I must say, every time I open this thread I am just blown away by how fantastic your male is. If any offspring are born that look like him and I have a bigger cage by then that I hope to God you reserve one for me.


----------



## Revolution1221 (Apr 20, 2010)

of course ill save one. im def gonna be selling one to my boss but he is gonna get the one that is the least attractive. she is gonna be pushing out some babies every month so i will have some indefinetly. i plan on selling my first ones pretty cheap in order to get money faster. but the ones i dont sell immediately i am going to be raising up for a little while let them get some color, size, and more value to them so i will def have one for you if your still interested when the time comes. im hoping to bring some of the green out in the babies from the mom.


----------



## dan3345 (Jan 27, 2010)

sounds good Im excited. Lets hope they turn out well! But they will, the parents are too cool looking.


----------



## Revolution1221 (Apr 20, 2010)

heres the new ones im excited i cant wait til they get here! i cant believe how insanely underpriced they were but they said they needed to get rid of them and they were trying to sell them fast. most are sold now just like a day or two later.

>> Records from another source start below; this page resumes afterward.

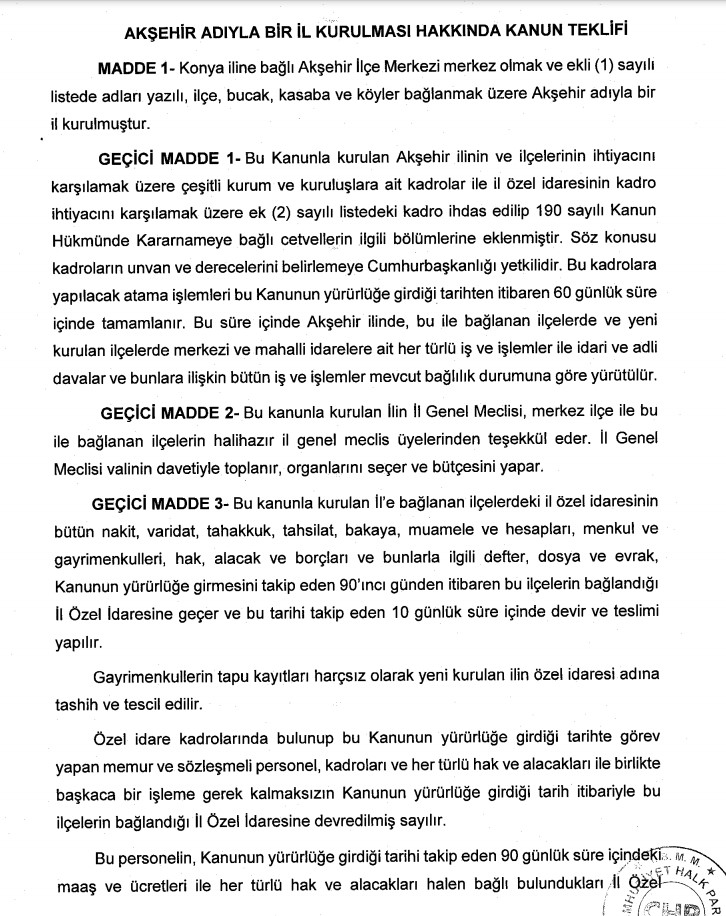 Türkiye&#039;de 82&#039;nci ilin kurulması için harekete geçildi! TBMM&#039;ye kanun teklifi sunuldu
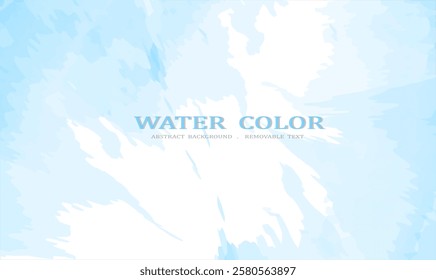 Abstract blue color splash design background.  Hand drawn vector texture. Brush stroked painting pastel color watercolor. Vector illustration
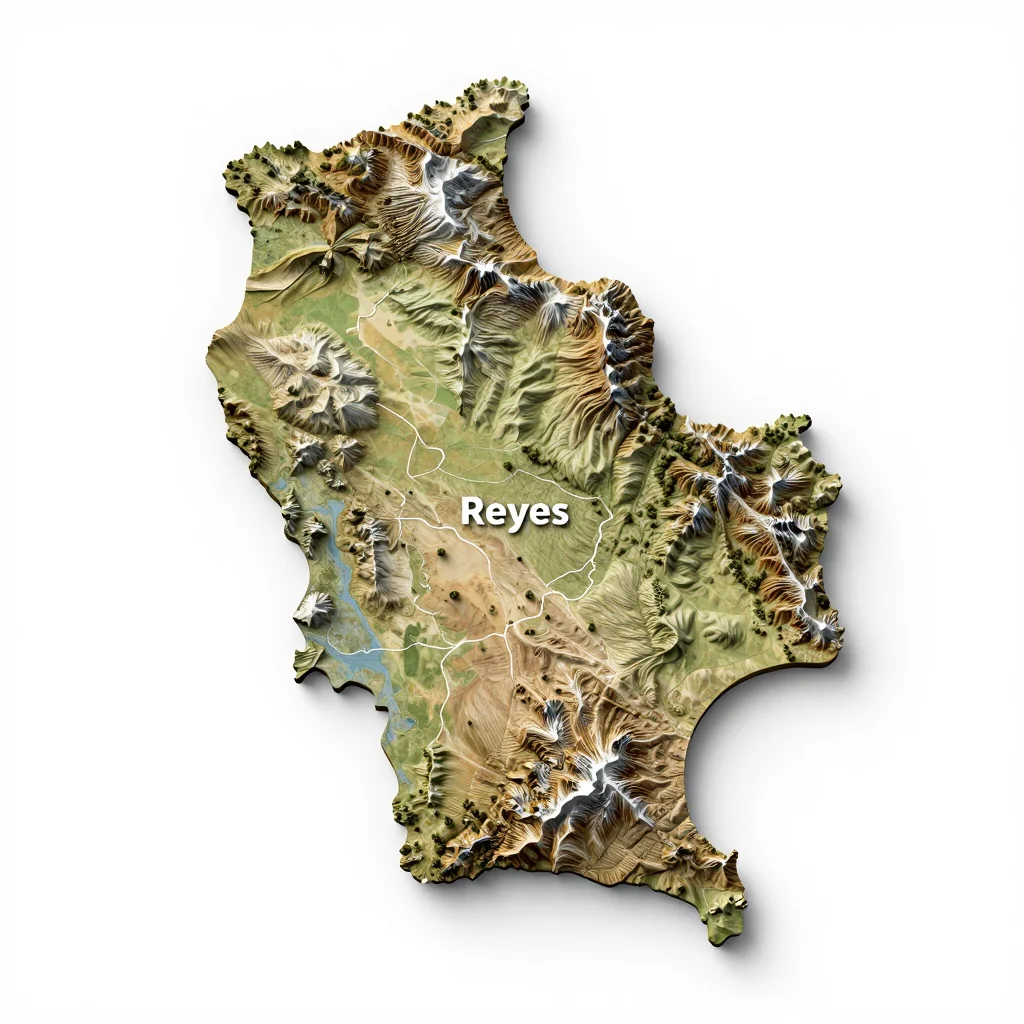 Isometric 3D topographic visualization showing elevation and terrain of Reyes, Bolivia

this is the big 42 gram male. didn't ask if he was fired up in this picture tho i will have to test him out when he gets here.









here is another picture showing his back pattern a little better.








i may have to do a recount of m crested geckos because i sold one to a friend that i didn't like and i forgot how many i have exactly i may have been counting it.


----------



## Revolution1221 (Apr 20, 2010)

yeah its the one that comes after that sweet pinstripe that i sold. but im also missing pictures of two taht i bought during black friday sale at petco.


----------



## dan3345 (Jan 27, 2010)

those were awesome. 3rd one down is gorgeous!


----------



## Revolution1221 (Apr 20, 2010)

here is one of the new guys i got yesterday. the yellow spots are raised scales along his side. i think i really want to work with this trait because i have seen it on geckos before but not nearly as much as he has id love to see how much spotting i can get on one. and he is actually much much much more green than in the picture. he started to unfire in this picture.


----------



## Revolution1221 (Apr 20, 2010)

i thought i would post a picture of this guy as well to show is progression in red coloration he is turning more and more red everyday and developing more spots. he is actually more red than in the picture my camera just sucks and he isn't fully fired in the picture. he is like a deap crimson red.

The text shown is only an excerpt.